RB: When Tacoda came out, I told my bosses, I’m already doing this. I can set a cookie for anyone who goes in the auto section. I just can’t work it. If you gave me enough hardware, I could. Back then, it was like, “You want to buy a what-size server?” As the processing capabilities grew, it offered us so much more ability.

MA: That was a big deal at the time and only a few clients were doing it. Behavioral caught on and then DoubleClick introduced Boomerang. After that the question started shifting to, “Why are we only targeting our users while they’re on our site? Why don’t we use our data and find our users when they’re on other sites?” That was pretty mind-blowing at the time.

Pop Up, Pop Under

RB: When the standards came out and we moved from banners to leaderboards, I remember editorial saying, “That size is too big and we’re not going to ever take these.” It was a real battle, but eventually you just waited to see the number of deals that came through.

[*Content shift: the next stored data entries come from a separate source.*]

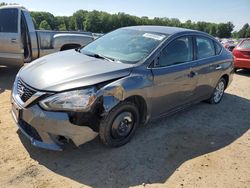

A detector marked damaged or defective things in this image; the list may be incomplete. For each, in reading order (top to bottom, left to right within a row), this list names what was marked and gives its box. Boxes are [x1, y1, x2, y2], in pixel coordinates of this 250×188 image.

damaged hood [19, 49, 133, 91] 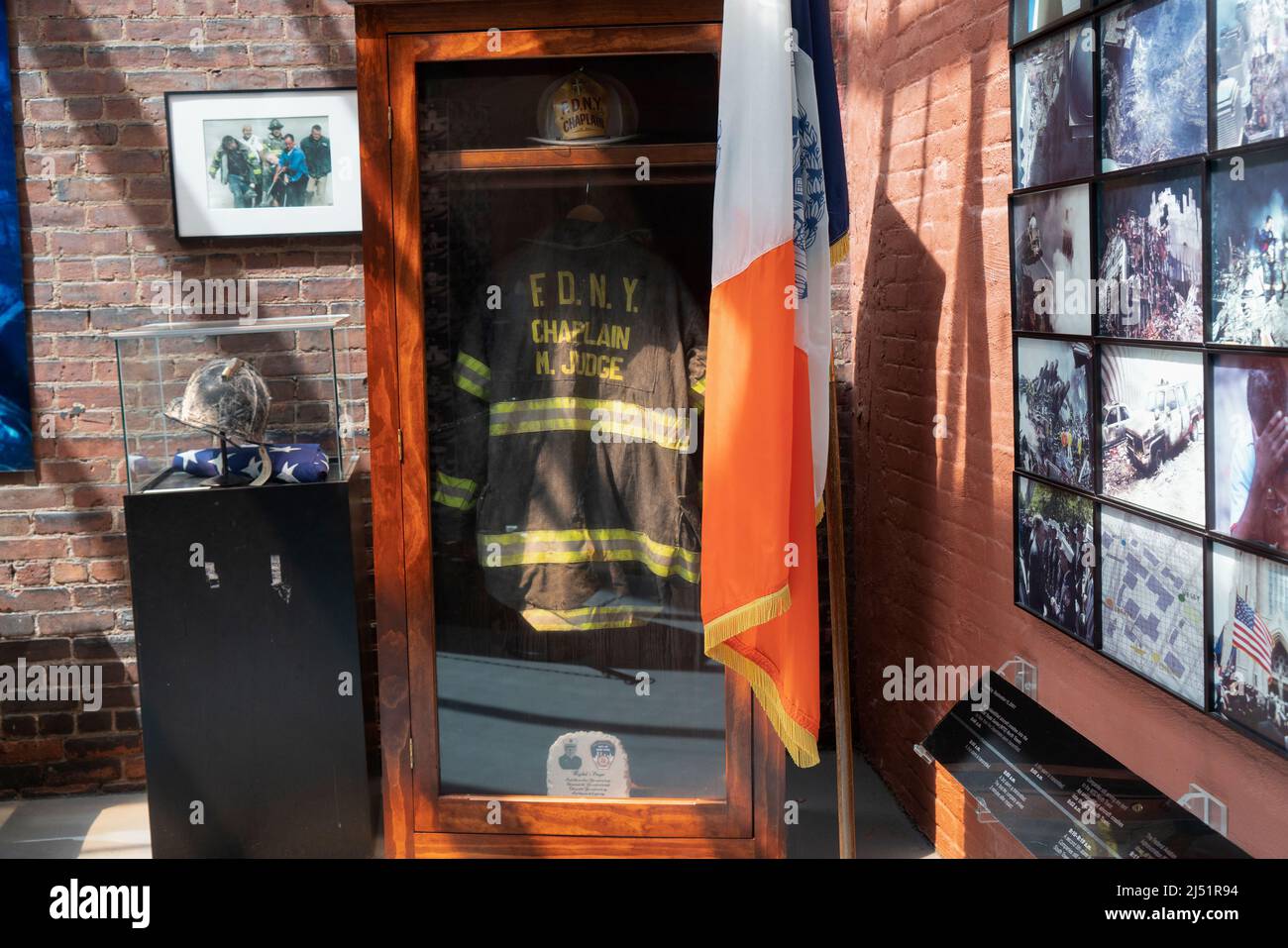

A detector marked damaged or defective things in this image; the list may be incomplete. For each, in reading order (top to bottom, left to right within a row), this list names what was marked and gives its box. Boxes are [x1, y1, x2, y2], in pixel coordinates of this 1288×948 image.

dark damaged helmet [164, 358, 270, 445] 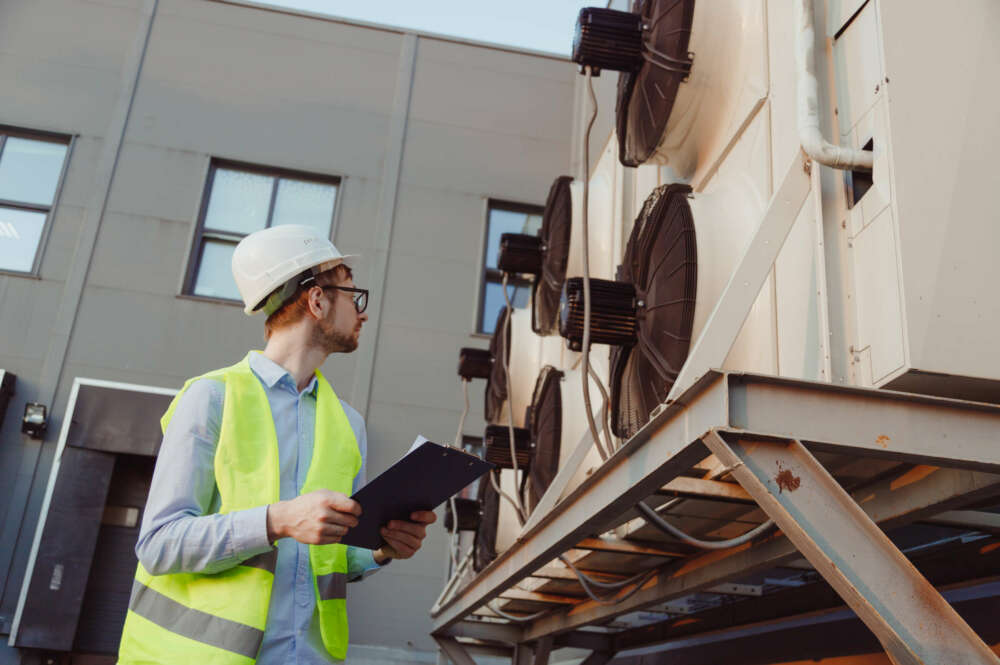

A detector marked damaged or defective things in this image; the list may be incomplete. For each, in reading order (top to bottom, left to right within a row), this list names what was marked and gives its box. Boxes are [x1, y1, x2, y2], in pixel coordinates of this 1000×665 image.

rust stain [776, 462, 800, 492]
rust stain [892, 464, 936, 490]
rust stain [976, 540, 1000, 556] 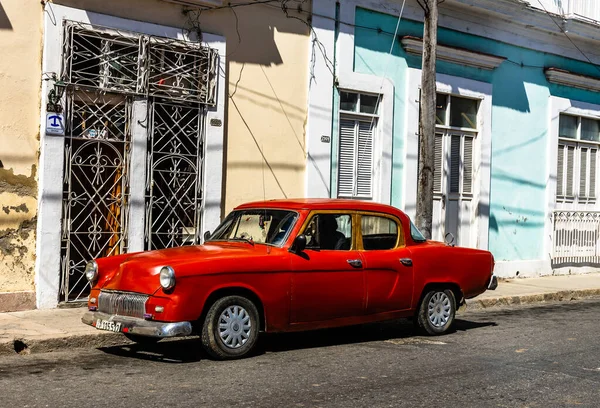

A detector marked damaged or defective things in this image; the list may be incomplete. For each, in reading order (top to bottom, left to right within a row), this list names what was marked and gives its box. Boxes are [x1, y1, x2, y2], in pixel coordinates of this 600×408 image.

peeling paint [0, 166, 37, 198] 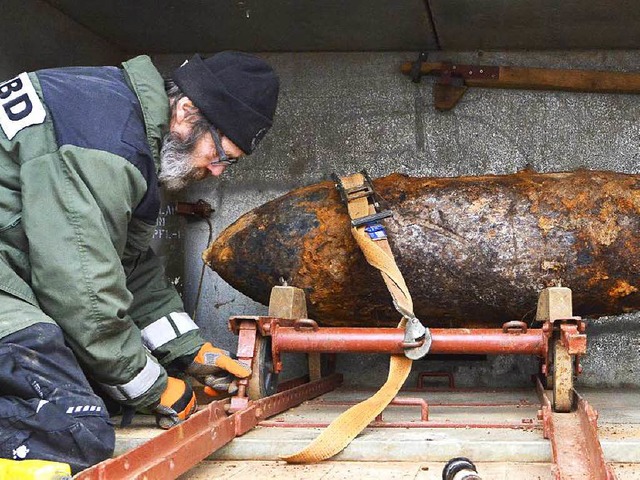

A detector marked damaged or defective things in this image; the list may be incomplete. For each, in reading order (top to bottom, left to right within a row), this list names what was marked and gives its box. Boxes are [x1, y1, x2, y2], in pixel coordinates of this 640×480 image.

corroded metal surface [204, 171, 640, 328] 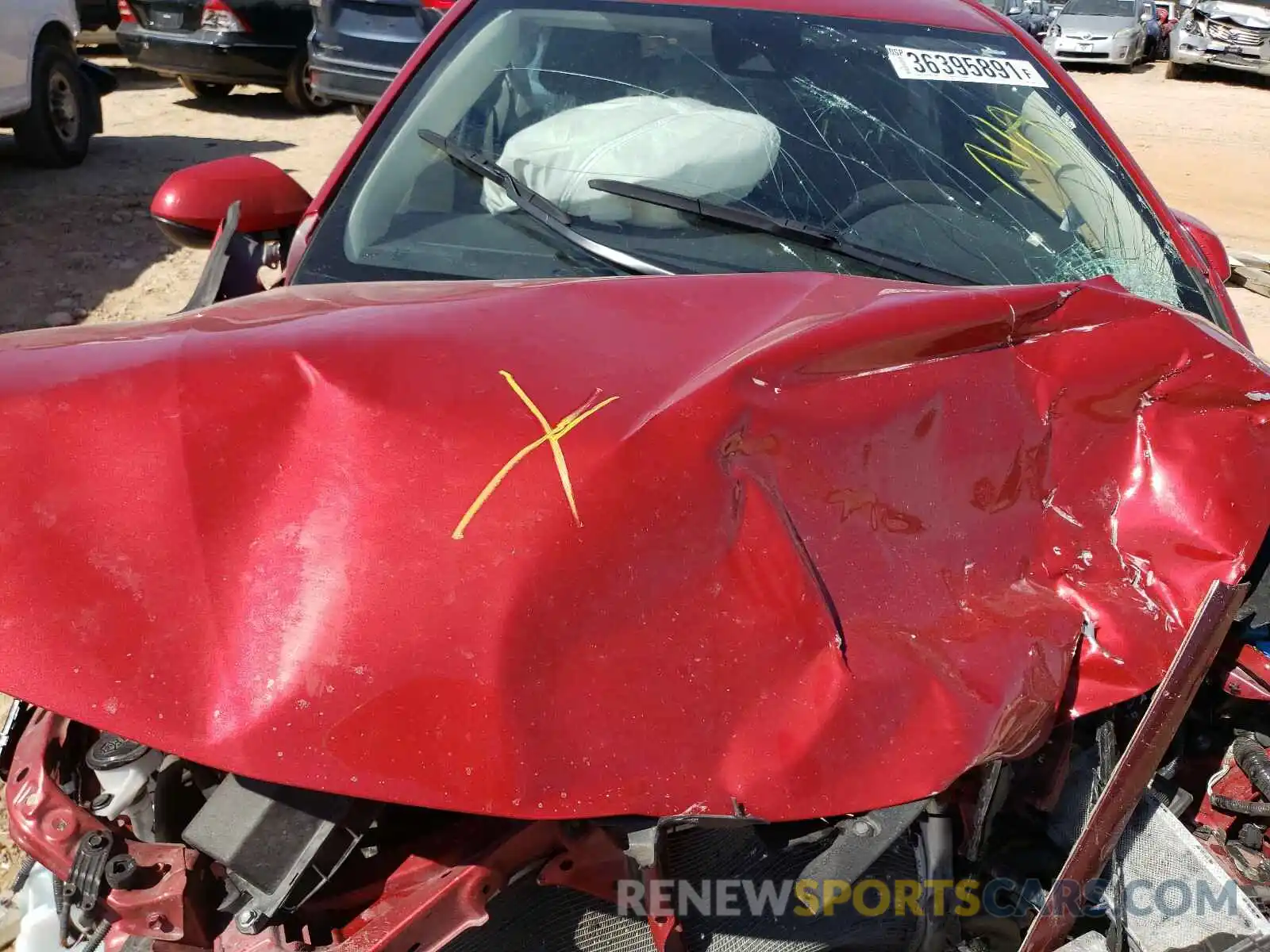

CL: Do you remember the first time you heard a banner referred to as a leaderboard?  Names for creative sizes? (Laughter) First we had the 234X60, which then became the 468X60, which eventually became the 728X90 we all know and love today.

RB: Then, of course, the pop-under.

MA: It was a pop-up first, then a pop-under.

CL: Ops people are actually the reason why it pops under and not over.  We figured out that was less intrusive and it was technologically possible.

MA: In 2005, when pop-ups were really big, people would say, “Oh, you make these awful ads pop up on my computer?” To which I would reply, “Well, I make web content free for you. Because advertising supports your ability to go online and see everything you want at no cost.” “Oh, interesting… I still hate the ads.” “Well, I guess you can’t have everything.”

In 1998, I was working at Modem Media. People would ask what I did for a living, and I would say that I’m a producer at an online ad agency. “What do you produce?” “I produce websites and ads that run on websites.” It was hard for them to comprehend the process and skill set needed to create and develop what they saw in Netscape. “What do you mean you do this? It just appears!” Then they would say, “This internet thing is kind of a fad; make sure you have something to fall back on.” In 2014, this is where everyone wants to be.